3B-h). To further dissect how AR regulates MMP-9 at the transcriptional level, we constructed an MMP-9 promoter (ranged from
+2 to −2629) hooked with a luciferase vector to test whether AR could negatively regulate MMP-9 promoter transactivation activity, and found that AR could suppress MMP-9 expression in promoter regulation (Supporting Fig. 7A-C). We also applied the zymography assay to detect MMP-9 activity, and found higher Pembrolizumab chemical structure MMP-9 proteolytic activity in ARKO BM-MSCs, compared with WT BM-MSCs (Fig. 3B-i). This was also confirmed in studies using hMSCs manipulated with AR-siRNA (Supporting Fig. 6C,F). To test whether ARKO-mediated enhanced migration is MMP-9 dependent, we pretreated ARKO BM-MSCs with an MMP-9 inhibitor and performed the migration assay, and results showed that the addition of the MMP-9 inhibitor indeed masked ARKO-mediated enhanced migration ability (Fig. 3B-j), suggesting that AR needs to go through MMP-9 to exert its influence on BM-MSC migration. Together, results from three different types of assays all proved that MMP-9 is a critical molecule to mediate the enhanced LEE011 molecular weight migration ability of ARKO BM-MSCs. Finally, we confirmed the above-described findings showing KO of AR in BM-MSCs increased self-renewal potential and migration capacity in CCl4-induced liver cirrhotic mice. Consistently, ARKO BM-MSCs-transplanted liver showed higher Ki67/GFP double-positive
stained cells (representing proliferating transplanted BM-MSCs) than WT BM-MSCs (Fig. 3C-k-m).
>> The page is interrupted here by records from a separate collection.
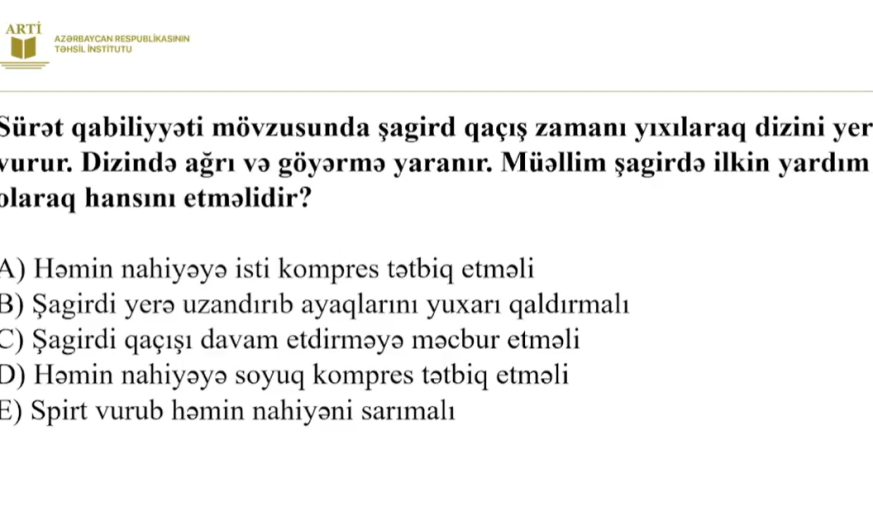 Fiziki tərbiyə fənni üzə sertifikasiyaya hazırlaşanların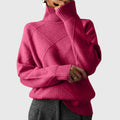 Women's Ribbed Roll Neck Pullover with Timeless Style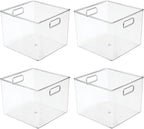 mDesign Plastic Modern Storage Organizer Bin Basket with Handles - 4 Pack - Clear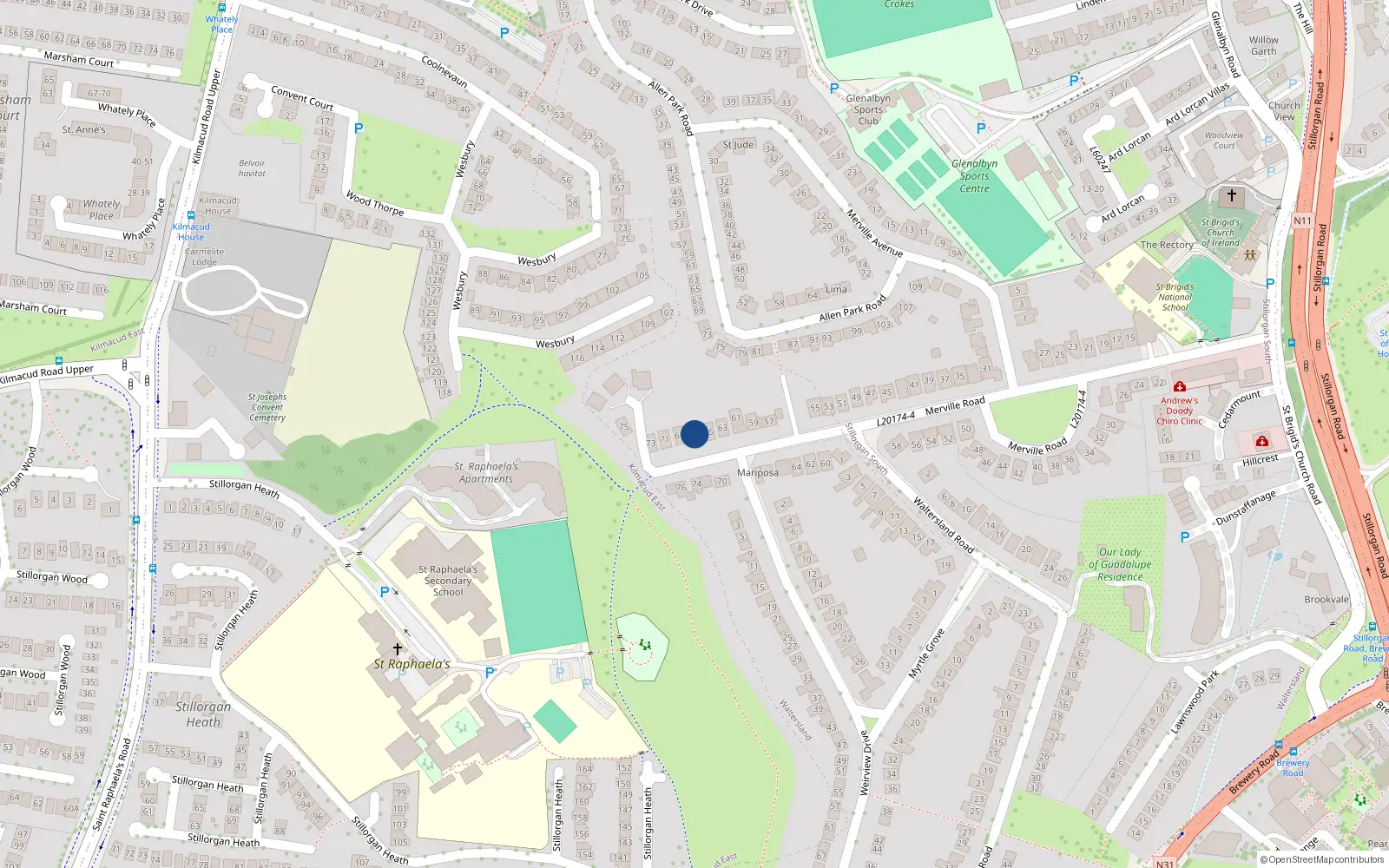 Overhead map showing the location of 67 Merville Road, Dublin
To correlate the increased self-renewal and migration potentials of ARKO BM-MSCs improvement in anti-fibrosis and anti-inflammatory selleckchem actions, we used conditioned medium (CM) of BM-MSCs to test their effects on macrophage migration and HSCs proliferation. Results showed that BM-MSCs-inhibited macrophage migration (anti-inflammatory effects) and HSCs proliferation (anti-fibrotic actions) were BM-MSCs-number dependent (Fig. 3D,E), suggesting
that KO of AR-increased self-renewal and migration of BM-MSCs resulted in more BM-MSCs to exert better anti-inflammation and anti-fibrotic actions. Together, results (from Fig. 3A-E) concluded that KO of AR in BM-MSCs led to increased self-renewal and migration potentials of BM-MSCs and these resulted in better transplantation therapeutic efficacy to treat liver cirrhosis by exerting better anti-fibrotic and anti-inflammatory effects. These phenotypes were involved in the modulation of EGF-Erk1/2/Akt signals, as well as MMP-9 signals. All above-described results demonstrated that higher numbers of BM-MSCs migrating into the cirrhotic liver led to better transplantation therapeutic efficacy with higher anti-inflammatory and anti-fibrotic effects (Fig. 3D,E). We were interested to know whether there are any secreted paracrine factors influenced by knockout of AR in BM-MSCs to contribute to anti-inflammatory and -fibrotic actions.